It's possible that this address was harvested from a blog comment, if somehow that information was exposed on the back-end.
Maybe there's a security hole in my WordPress setup. The email address, though, is stored in a database which theoretically is secure, unless some kind of traffic intercept occured between me and the database. It's not otherwise stored in any static files on my webserver.
This is the most alarming thought: I may have replied to a contact email to answer what I thought was a genuine question, but it was actually a social engineering attack to harvest a return email. I just looked through the past emails I've received through the contact form that are the "fishiest", and one in particular triggers several alarms. Hindsight is 20:20. It's written as an innoculous inquiry about what I charge for design work.
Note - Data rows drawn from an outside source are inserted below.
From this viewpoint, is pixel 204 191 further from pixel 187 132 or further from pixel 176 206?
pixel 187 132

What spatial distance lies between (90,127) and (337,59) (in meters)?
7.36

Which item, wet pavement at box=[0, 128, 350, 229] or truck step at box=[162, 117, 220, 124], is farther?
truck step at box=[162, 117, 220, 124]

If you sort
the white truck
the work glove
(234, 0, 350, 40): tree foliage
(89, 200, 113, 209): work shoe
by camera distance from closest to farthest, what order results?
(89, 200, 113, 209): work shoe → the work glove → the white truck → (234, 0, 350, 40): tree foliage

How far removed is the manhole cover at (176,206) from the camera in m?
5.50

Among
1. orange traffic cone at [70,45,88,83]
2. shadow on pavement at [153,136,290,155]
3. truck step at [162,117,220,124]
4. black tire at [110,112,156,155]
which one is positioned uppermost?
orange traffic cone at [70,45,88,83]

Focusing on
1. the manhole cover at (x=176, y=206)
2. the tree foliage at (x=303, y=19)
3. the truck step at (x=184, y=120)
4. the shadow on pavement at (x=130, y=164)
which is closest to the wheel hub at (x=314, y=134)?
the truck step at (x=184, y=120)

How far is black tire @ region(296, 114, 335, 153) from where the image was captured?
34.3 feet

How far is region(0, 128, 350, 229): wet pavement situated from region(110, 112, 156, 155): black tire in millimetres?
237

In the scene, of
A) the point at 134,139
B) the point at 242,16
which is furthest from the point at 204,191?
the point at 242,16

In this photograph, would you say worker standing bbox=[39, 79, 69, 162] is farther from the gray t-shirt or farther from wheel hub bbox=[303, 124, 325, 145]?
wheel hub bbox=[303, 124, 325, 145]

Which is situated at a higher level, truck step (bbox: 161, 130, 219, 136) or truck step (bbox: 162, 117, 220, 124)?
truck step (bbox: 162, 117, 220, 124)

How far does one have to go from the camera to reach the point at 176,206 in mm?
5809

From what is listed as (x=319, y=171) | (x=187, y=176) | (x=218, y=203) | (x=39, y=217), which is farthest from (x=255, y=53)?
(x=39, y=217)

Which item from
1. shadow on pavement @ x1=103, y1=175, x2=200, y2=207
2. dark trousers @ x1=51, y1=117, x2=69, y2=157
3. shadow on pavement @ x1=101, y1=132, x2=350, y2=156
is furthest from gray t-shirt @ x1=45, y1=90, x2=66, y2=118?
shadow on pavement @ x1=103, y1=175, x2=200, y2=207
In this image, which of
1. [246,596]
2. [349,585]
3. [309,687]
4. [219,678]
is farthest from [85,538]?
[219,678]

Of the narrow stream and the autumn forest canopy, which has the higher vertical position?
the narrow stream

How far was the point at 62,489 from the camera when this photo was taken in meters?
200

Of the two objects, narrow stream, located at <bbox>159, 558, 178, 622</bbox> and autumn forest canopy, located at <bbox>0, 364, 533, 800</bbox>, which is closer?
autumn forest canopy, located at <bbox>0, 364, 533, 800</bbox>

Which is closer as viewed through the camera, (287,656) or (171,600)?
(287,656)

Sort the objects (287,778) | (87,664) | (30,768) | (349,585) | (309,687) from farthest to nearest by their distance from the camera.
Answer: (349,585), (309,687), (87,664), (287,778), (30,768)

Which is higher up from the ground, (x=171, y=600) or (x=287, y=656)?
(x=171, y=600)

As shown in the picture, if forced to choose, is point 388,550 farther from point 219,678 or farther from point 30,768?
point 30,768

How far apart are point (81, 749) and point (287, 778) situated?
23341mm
It could actually be a real inquiry, but as the sender hasn't replied to my email I'm now a little suspicious. In the future I'm going to be much more discerning between what looks like a serious inquiry versus one that may not be (or something worse).
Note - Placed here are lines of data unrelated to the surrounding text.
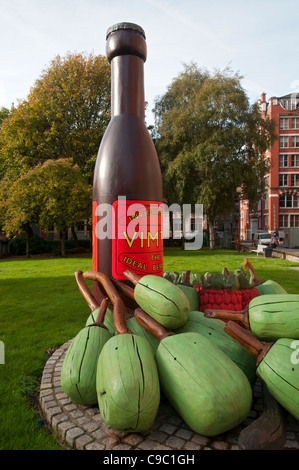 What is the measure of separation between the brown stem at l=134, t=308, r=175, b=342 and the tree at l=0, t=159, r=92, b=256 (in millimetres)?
18010

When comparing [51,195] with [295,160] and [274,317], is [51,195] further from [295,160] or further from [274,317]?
[295,160]

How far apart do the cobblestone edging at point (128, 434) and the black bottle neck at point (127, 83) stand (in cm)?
346

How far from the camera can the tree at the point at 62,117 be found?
22.5 metres

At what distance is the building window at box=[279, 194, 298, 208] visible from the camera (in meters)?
45.4

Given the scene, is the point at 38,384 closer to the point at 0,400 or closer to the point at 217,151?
the point at 0,400

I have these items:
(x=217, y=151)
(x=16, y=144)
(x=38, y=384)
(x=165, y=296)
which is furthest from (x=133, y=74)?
(x=16, y=144)

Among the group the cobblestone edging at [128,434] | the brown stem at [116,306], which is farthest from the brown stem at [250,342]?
the brown stem at [116,306]

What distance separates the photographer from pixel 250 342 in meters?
2.27

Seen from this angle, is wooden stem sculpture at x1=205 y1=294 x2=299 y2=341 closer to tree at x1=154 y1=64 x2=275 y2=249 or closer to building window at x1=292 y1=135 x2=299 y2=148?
tree at x1=154 y1=64 x2=275 y2=249

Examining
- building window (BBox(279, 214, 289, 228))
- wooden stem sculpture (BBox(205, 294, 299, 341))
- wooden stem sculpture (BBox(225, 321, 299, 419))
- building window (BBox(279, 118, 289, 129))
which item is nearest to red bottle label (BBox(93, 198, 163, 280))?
wooden stem sculpture (BBox(205, 294, 299, 341))

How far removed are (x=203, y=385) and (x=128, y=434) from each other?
74 centimetres

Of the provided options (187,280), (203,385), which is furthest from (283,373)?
(187,280)

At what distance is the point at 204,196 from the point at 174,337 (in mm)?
22229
A marketing person I used to work once told me that a certain number of sales calls are just fishing attempts from other agencies, recruiters, other sales people, or builders of commercial databases. When someone is dangling the possibility of work on the other end of the line, we're much more willing to extend the trust of providing our contact information. I may modify this policy and ask for the prospect to send me their contact information first, and schedule a callback if the circumstances seem a little odd.
This sucks, but at least the damage is relatively contained. It does mean, though, that I may have to retire an email address.